May 2nd, 2008
On Sunday May 4th, Jamaica Prime Minister Bruce Golding, will make a landmark visit to Cuba, signaling to the world, that the peoples and governments of the Caribbean are proclaiming their adulthood, they are willing to act accordingly and they are confirming a long held axiom, that blood is thicker than water.
This visit should serve to revive and strengthen the long historic bonds that have existed between Cuba and all neighboring islands, despite a rabid and divisive effort to the contrary, by those who despise us.
Tens of thousands of Jamaican emigrants during the past century, played a pivotal role in the development of Cuba's sugar industry, generously contributing billions of hours in infra-human working conditions , shedding their tears, blood or paying the ultimate price, in the transformation of the economy and physiognomy of Cuba.
After the triumph of the Revolution, a serious attempt was made by the government to level the racial playing field, which made it possible for thousands of their descendents to achieve and excel in every field of technical and professional field, helping Cuba to earn its well deserved humanitarian reputation across the globe.
Irrespective of any political, social, religious or sexual differences with the policies of Cuba, it is there, where the basis for the development of the people of our region and beyond, is available to to everyone, making its moral and material support, an imperative of everyone concerned with the future and well being of our children.

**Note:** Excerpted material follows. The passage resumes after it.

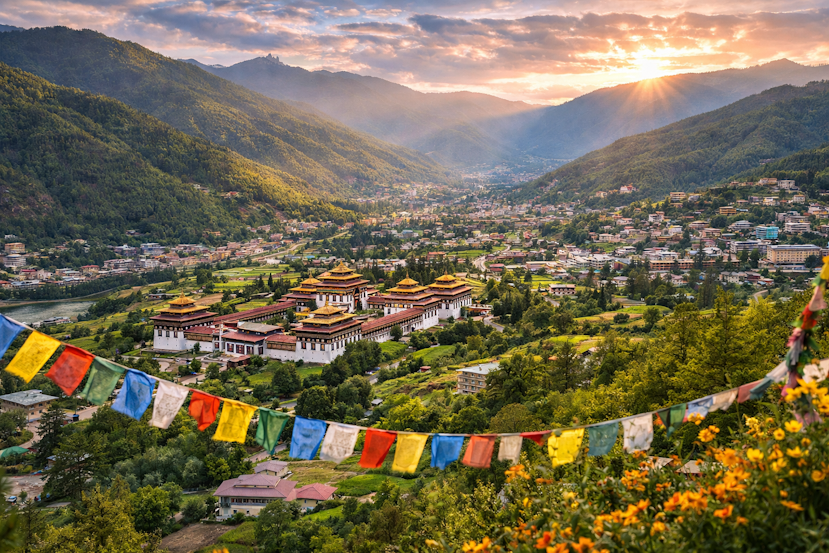 Panoramic sunset view of Thimphu nestled in a lush Himalayan valley, featuring Tashichho Dzong, traditional Bhutanese architecture, colorful prayer flags, and surrounding green mountains.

Finally, a serious concern with food security, threat of famine, social unrest and a looming human disaster over the horizon suggests, that we take a a hard look at our past life experiences.
Cuba has the largest agricultural land mass in the area with a substantial underutilized portion, while in other neighboring islands, thousands of people wander hopelessly without an inch of land to feed their children. It is time for us to overcome some vestiges of colonial legacies of artificially drawing boundaries, dividing people and instilling animosities under false pretexts of nationhood.
If thousands of emigrants from most of the Caribbean islands were able to live, create a family and work in Cuba during the twentieth century, contributing their culture, history and language, while pouring riches into native sugar barons and transnational bulging coffer, why cant we work out a humane, respectful guest workers agreement, through which, thousands can earn a decent living, support their families while securing a food reserve for millions and bringing us much closer together.
It is not difficult to imagine the incredible courage and conviction that Prime Minister Golding had to muster, to confront an array of hurdles, innuendo and threats, for daring to travel to an island, some have tried to quarantine, in a fail effort to quell the spread of its transmissible values.
Thousands of Jamaican emigrants and descendants living in Cuba, welcome you home and wish to thank you, for your willingness to create a better future for all.